Separate the PD nodes and do not mix them with TiDB…
It looks like it crashed and then came back up again.
TiDB needs to communicate with PD, but it seems that it cannot connect to PD. Separate PD and check the topsql at this point in time.
I’ve encountered a similar issue. It might be due to large SQL queries or batch tasks running simultaneously during that period, causing an OOM (Out of Memory) error.

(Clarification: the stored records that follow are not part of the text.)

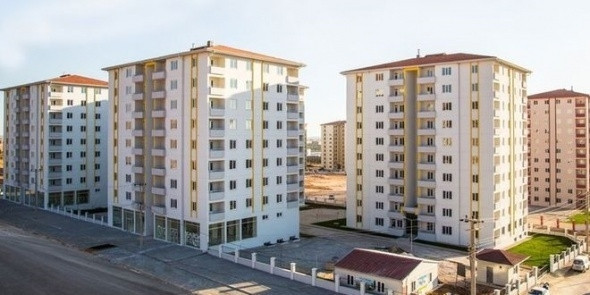 HATAY TOKİ KURA SONUÇLARI TAMAMLANDI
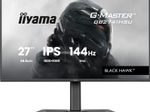 iiyama G-Master Black Hawk ™ GB2741HSU-B1 68,6 cm (27")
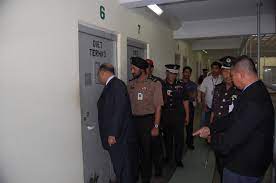 We did not find results for: Kali Kedua Di Penjara Sungai Buloh Mycerita Here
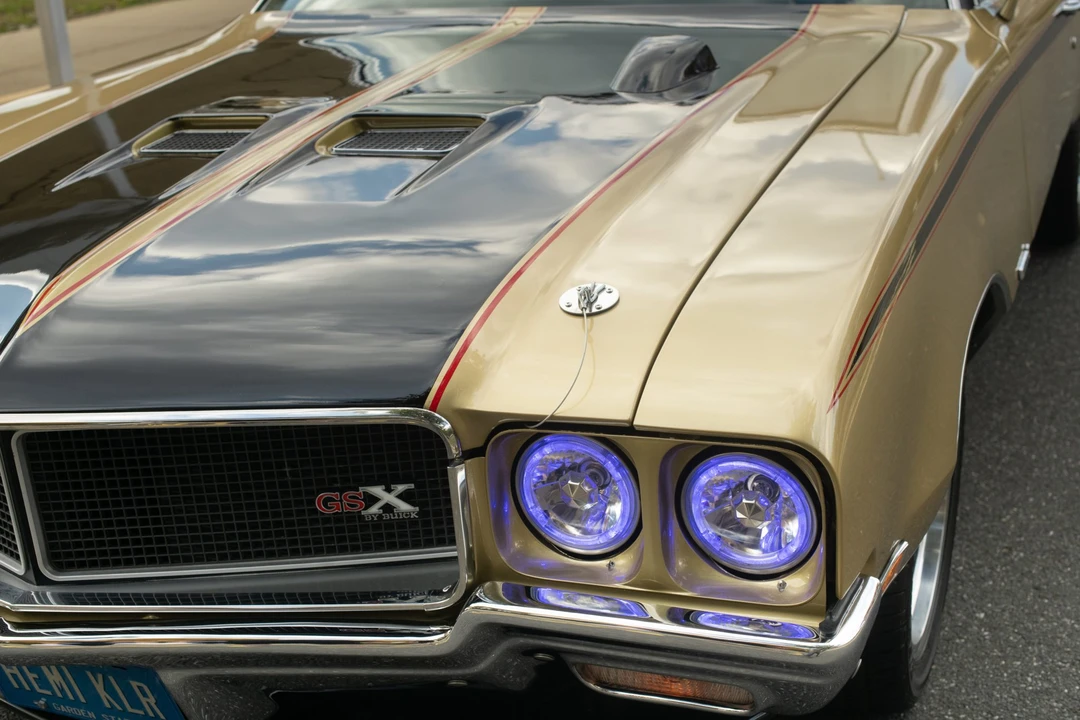 1970 Buick Skylark 3rd Gen - Image 13 of 31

Subsequently, the SQL execution might have completed or failed, leading to a decrease in resource usage.
It should be OOM. Check the slow logs and tidb logs.
Your configuration is interesting; the resources of several TiDB nodes are different. If you want to deploy them in a mixed manner, at least choose machines with higher resources. I suggest scaling out PD nodes on two machines with 64-core CPUs.